1 – Nikon D3S – this is my main camera for all my Pro work.
2 – Fuji X100 – this is my choice for everyday life and is always with me.
3 – Olympus XZ-1 – this camera I gave to my wife to use for pictures of the kids.
4 – Apple iPhone – this is always in my pocket and is used to share things with my friends vie Instagram.
Ok now that you have an idea of what I use let me tell you that they are three very different cameras but ALL of them take amazing pictures. The above picture was taken with the XZ-1 on the top of Blackcomb Ski Mountain this summer. Technically it has a small sensor, less control, smaller lens, and lots of other issues compared to the D3S. Lets face it though, the aesthetic of the picture and the cameras ability to capture what the scene was like is still very strong. Would I shoot a billboard campaign with the XZ-1? Of course not, but not for the reasons you would think. I could make a very similar and compelling billboard picture with both cameras and you would be hard pressed to tell the difference of them aesthetically. The reason I would shoot the D3S in this case is because I would like to have the file size for blowing up the picture to such a large size.
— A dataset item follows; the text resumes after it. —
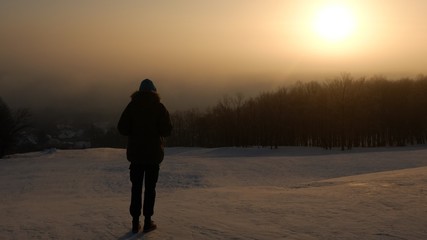 The guy (young man) looking at the sunrise in a frosty morning.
Lets face it, you can make great images with anything as long as you get used to it’s abilities and faults. Once you learn a particular piece of gear you can work within it’s limits to create amazing photo’s that will inspire your friends and colleagues. If we chase the aesthetic, gear doesn’t matter.
Ok lets define aesthetic. It is “having a sense of the beautiful”. I really like that definition. Photography is about chasing a sense of beauty. As photography moves forward we keep worrying about pixels, sharpness, file size, and a host of other tech specs that really don’t help with the purpose of photography.
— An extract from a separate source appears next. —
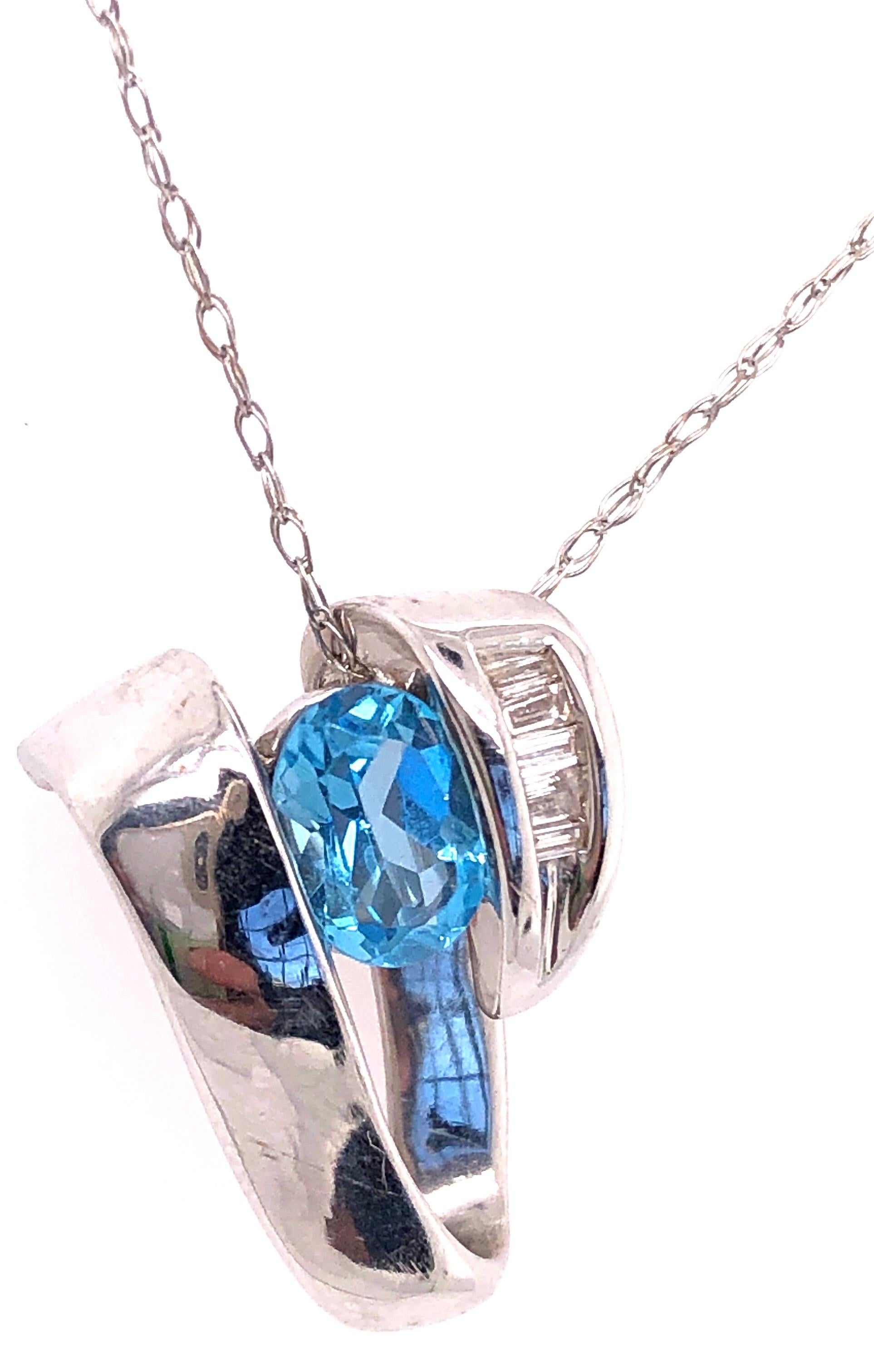 A Link in oro bianco 14 carati con topazio blu ovale e diamanti baguette in vendita 1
A good friend of mine David duChemin has a mantra that I’m sure his followers are sick of by now. “Gear is good but vision is better.” I cant agree more with him and I’m proud of his determination in soap boxing this message. We as photographers need to stop worrying about the gear we have and concentrate more on the aesthetic quality of the pictures that we take with the gear we have.
What we really want is for someone to look at out pictures and find something beyond all the technical mumbo jumbo. Something beautiful, pleasing, and engaging. My new answer to anyone asking about gear is: “spend as little as you can, and just what you need, to start taking pictures” because the aesthetic will come from you not the gear. If you can’t find this aesthetic with your iPhone a D3S and the sexiest glass in the world is not going to help you find it.